As with Clemente, the methodology I’m using today started with players with a similar PA and OPS+ profile to Jackson through their age-32 seasons. After that, I added players with a similar OPS+ and WAR profile to Jackson. I wanted a variety of players, and I wanted to get up to 20 comparable guys. Of course, all of this is made possible by the genius of the BBREF Play Index. Then I looked at what those players did from their age-33 seasons through the end of their careers. Next, I looked at the average of those comparable players. And finally, I added those numbers to Jackson’s career totals to try to determine where he might have finished up had he retired when he chose.
Again, I wanted a deeper list of comps for Jackson than I had for Clemente. In the PA/OPS+ group, I had to open up to 1100 plate appearances and 15 OPS+ points. In the OPS+/WAR group of comps, it was 22 OPS+ points and 13 WAR. Yeah, there weren’t many players that comparable to Shoeless Joe through age 32.
Here’s the list:
Dick Allen Sam Crawford Reggie Jackson Manny Ramirez Jeff Bagwell Joe DiMaggio Ralph Kiner Mike Schmidt Dan Brouthers Hank Greenberg Nap Lajoie Frank Thomas Pete Browning Vladimir Guerrero Willie McCovey Jim Thome Roger Connor Harry Heilmann Mike Piazza Honus Wagner
Some of the Shoeless comps were greats with a ton of time left like Wagner, Reggie, and Thome. Others were done or close like Kiner, Browning, and Allen. On average, we’re looking at 2803 more trips to the plate, 377 runs, 695 hits, 430 batted in, a 125 OPS+, and 17.8 WAR.
R H RBI OPS+ WAR ======================================= Actual 873 1772 792 170 62.3 What If 1250 2467 1222 155 80.1
On lots of levels, this chart is less exciting than the Clemente work of earlier this month. That’s okay. Jackson would move from a tie for 479th to 150th in runs. He’d move from 406th to a tie for 108th in hits. His RBI placing would move from a tie for 492nd as I type this to 144th. His OPS+ would drop from 9th to a tie for 24th. But the company would still be excellent – Hank Aaron, Miguel Cabrera, Joe DiMaggio, and Mel Ott. And the WAR among position players would climb from 108th to 38th.
The Real Comps
If we just look at guys from around Jackson’s era, sort of – Brouthers, Browning, Connor, Crawford, Heilmann, Lajoie, and Wagner – we get some better results. And that’s even still including Browning, he of only ten remaining plate appearances.

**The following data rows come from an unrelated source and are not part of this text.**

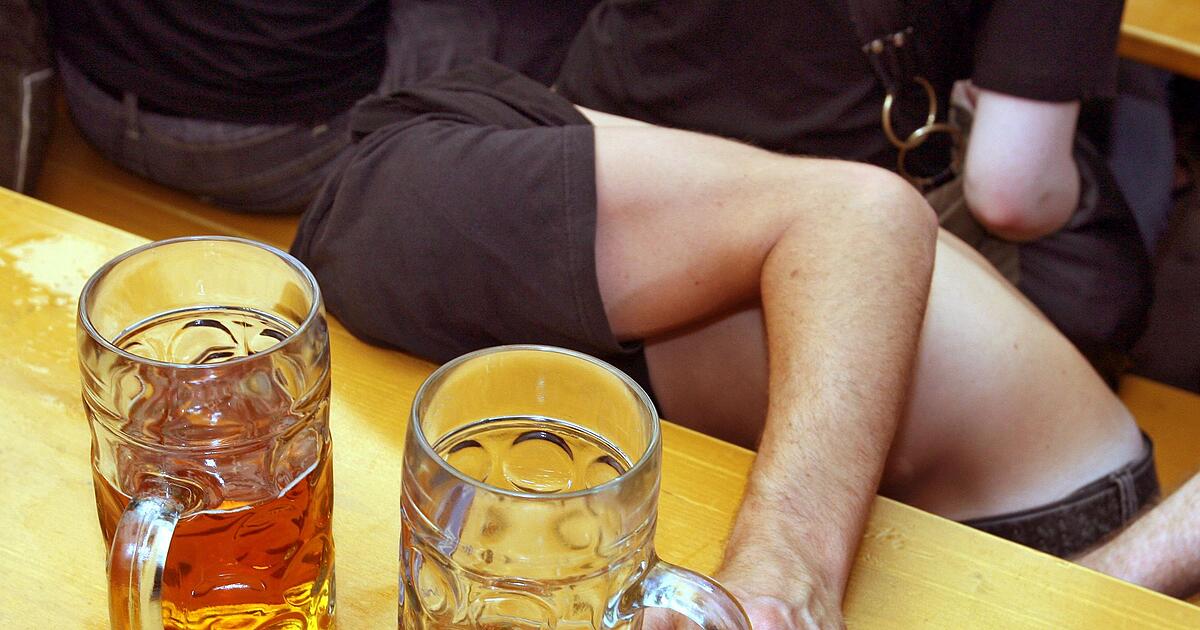 Jugendliche-nach-Rauschtrinken-seltener-in-Klinik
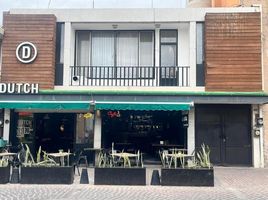  Grundstück zu verkaufen in Aguascalientes, Aguascalientes, Aguascalientes, Aguascalientes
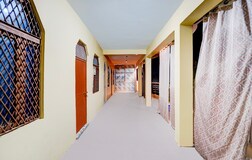Common Area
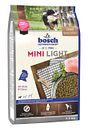 Vorschaubild bosch Mini Light Hundetrockenfutter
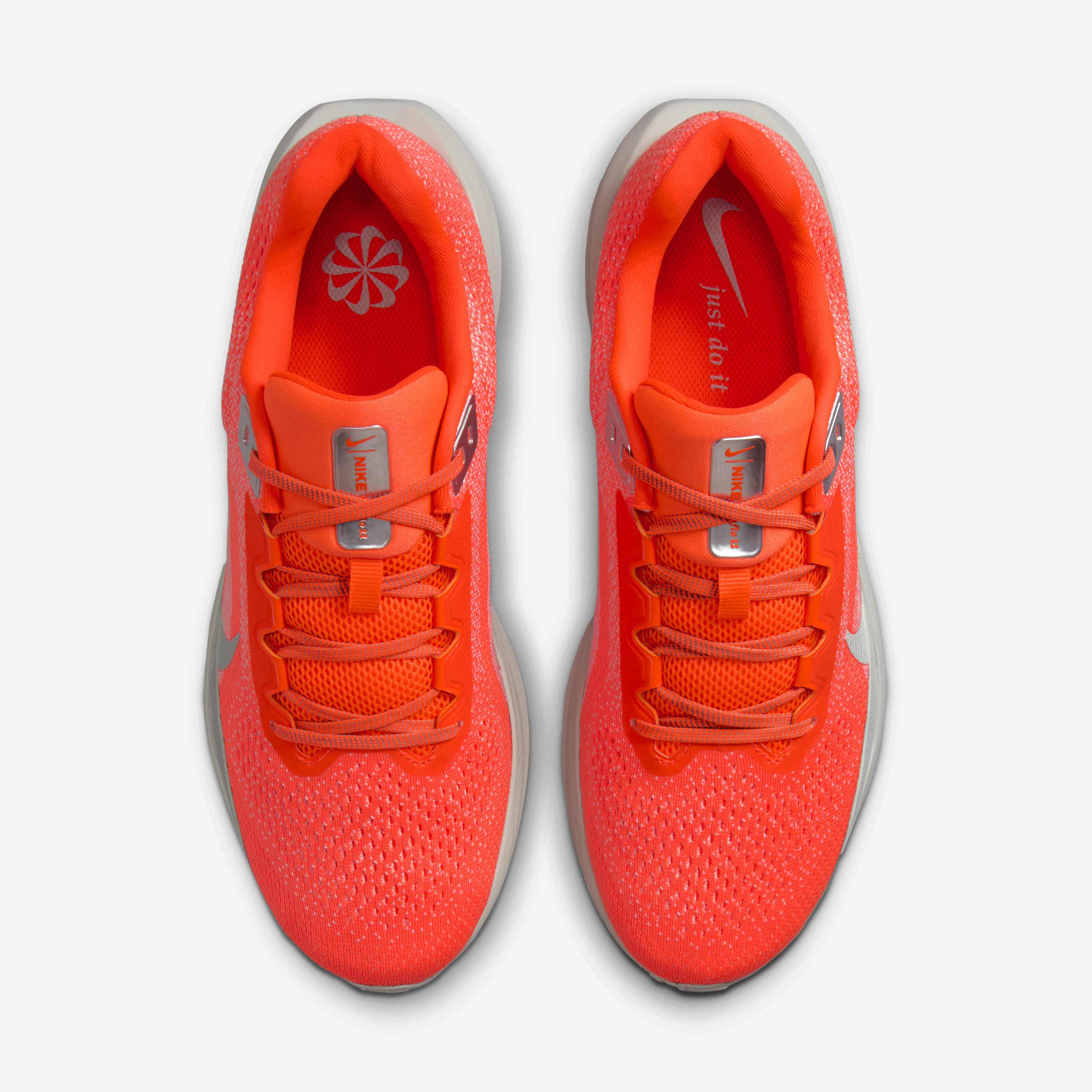 نايكي وينفلو 11 بريميوم image number 3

R H RBI OPS+ WAR ======================================= Actual 873 1772 792 170 62.3 What If 1291 2604 1229 157 88.3
The career run total would be up to a tie for 131st. The hit total would move up to 81st. The RBI total would move just to 143rd. The OPS+ career mark would be tied for 18th with Tris Speaker. And the career WAR mark among position players would be up to 32nd, just a shade behind George Brett.
Clearly Joe Jackson is an all-time great. And clearly he’d be in the Hall of Fame were it not for his lifetime ban. We certainly can’t know how great he would have been had he not been banned, but maybe today’s little exercise gives us an idea.